Das Foto entstammt einer Kundgebung gegen einen antisemitischen Aufmarsch in Köln am 10. Januar 2009. © Lizas Welt

16.3.09

Krisenfester Exportschlager



Finanzkrise? Bankenpleiten? Konjunktureinbruch? Pah! Wie der Exportweltmeister seinen Titel souverän gegen die Chinesen verteidigen und dabei auch noch historisches Bewusstsein geltend machen kann, legt Malte S. Sembten im folgenden Gastbeitrag für Lizas Welt anschaulich dar.


There’s no business like Shoa business. Ein zukunftsweisendes Geschäftsmodell für den (noch) amtierenden Exportweltmeister

VON MALTE S. SEMBTEN


Deutschland leidet derzeit sehr, unter anderem an einer veritablen Exportmisere. Wir mögen uns damit abgefunden haben, dass nach Hollywood exportierte deutsche Schauspieler häufig remittiert werden. Ebenso damit, dass nach Pakistan ausgeführte deutsche Islam-Terroristen regelmäßig als Retoure wieder bei uns aufschlagen. Aber ist es nicht der globale Exporterfolg von weltweit renommiertem Ingenieurshandwerk made in Germany, der uns stattdessen nationale Identität und wirtschaftlichen Status verleiht? Und nun das: Ausgerechnet der Export des deutschen Maschinenbaus ist um bedenkliche 2,7 Prozent geschrumpft, der deutscher Autos und Autoteile gar um verheerende 20 Prozent!

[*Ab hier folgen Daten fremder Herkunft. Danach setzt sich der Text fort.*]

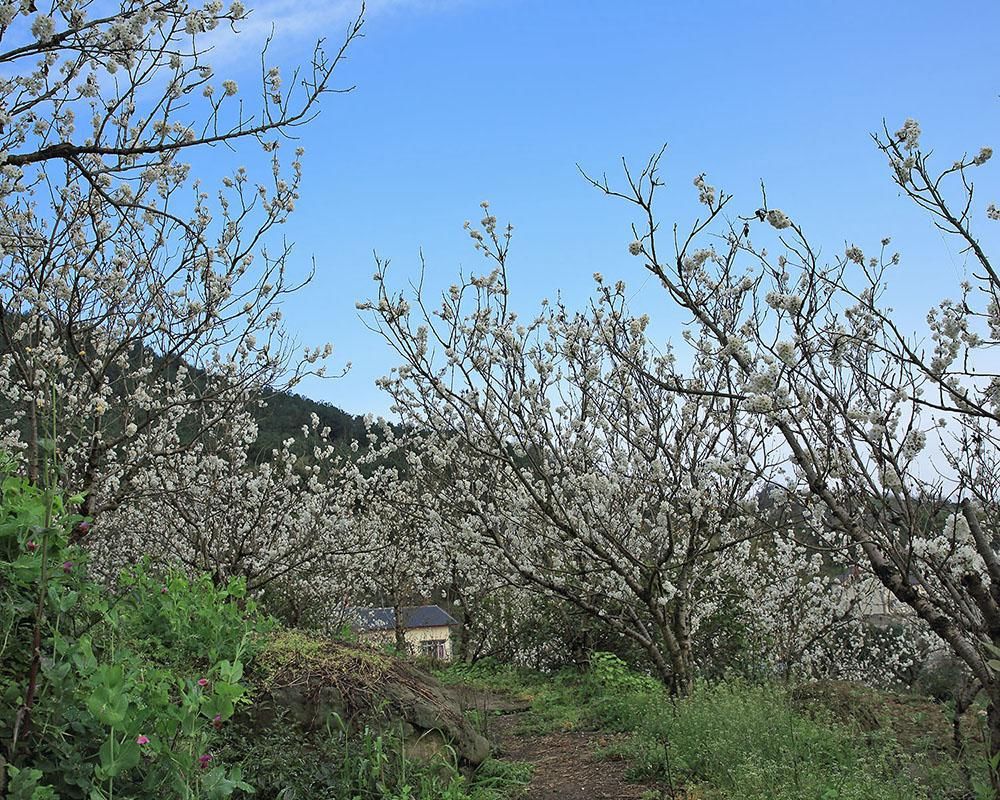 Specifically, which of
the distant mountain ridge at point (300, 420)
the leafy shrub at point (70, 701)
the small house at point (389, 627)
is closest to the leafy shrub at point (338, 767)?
the leafy shrub at point (70, 701)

Noch sind wir angeblich amtierender Exportweltmeister. Noch sind wir Papst (das ist allerdings immer häufiger auch peinlich, aber jedenfalls besser, als wenn wir Bischof Williamson wären). Und fest gedrückte deutsche Daumen halfen bislang gegen Sanktionen der Uno und Druck aus den USA, sodass die deutschen Ausfuhren in die Islamische Republik Iran im vergangenen Jahr sogar um ermutigende zehn Prozent wachsen konnten. Dazu passt die wunderbare Nachricht, dass eine Umfrage der BBC uns zur beliebtesten Nation der Welt kürte. Daher wird Deutschland es vermutlich überstehen, sollte es als Weltmeister des Exports abgelöst werden. Wir wissen nämlich aus Erfahrung, dass man als Weltmeister der Herzen über eine herbe Niederlage im globalen Wettbewerb leichter hinwegkommt.

Und doch, und doch: Keine Nation, deren heimatliche Scholle weder Öl birgt noch Gas, lebt von der Liebe der Völker allein. Aus diesem Grunde möchte ich auf eine bisherige ökonomische Nische hinweisen, die gerade in unserer gegenwärtigen geopolitischen Situation laut danach schreit, zu einem lukrativen globalen Markt ausgebaut zu werden – wobei keine Nation eine bessere Qualifikation hierfür mitbringt als Deutschland. Worauf ich anspiele, ist Deutschlands Holocaust-Kompetenz – ein einmaliger Know-how-Vorsprung, der wirtschaftlich bisher noch nicht genügend nutzbar gemacht wurde. Warum sollte nicht der Erfinder des Holocaust – wie einst der Erfinder des Automobils – sich seiner Meriten besinnen, um die Weltmarkt-Führerschaft auf seinem gottgegebenen Gebiet zu beanspruchen? Vom Holocaust-Weltmeister zum Holocaust-Exportweltmeister!

Das ist kein Grund zur Bange. Ich meine ja nicht den Export von Holocaust-Anwendertechnologie, obwohl wir natürlich auch auf diesem Sektor über eine konkurrenzlose Erfahrung und hervorragendes Expertenwissen verfügen. Sicher: Erst kürzlich führte ein maßgeblicher deutscher Gas-Lobbyist in Teheran ein vertrauliches Gespräch mit unserem derzeit chancenreichsten Verfolger im Rennen um den Holocaust-Weltmeistertitel. Doch Mahmud Ahmadinedjad ist bei dieser spannenden Aufholjagd nicht an veralteter Holocaust-Anwendertechnologie interessiert. Schließlich bastelt er – übrigens längst mit Hilfe der deutschen Konkurrenz – mit Hochdruck an der modernen, weil atomaren Vernichtung der Juden.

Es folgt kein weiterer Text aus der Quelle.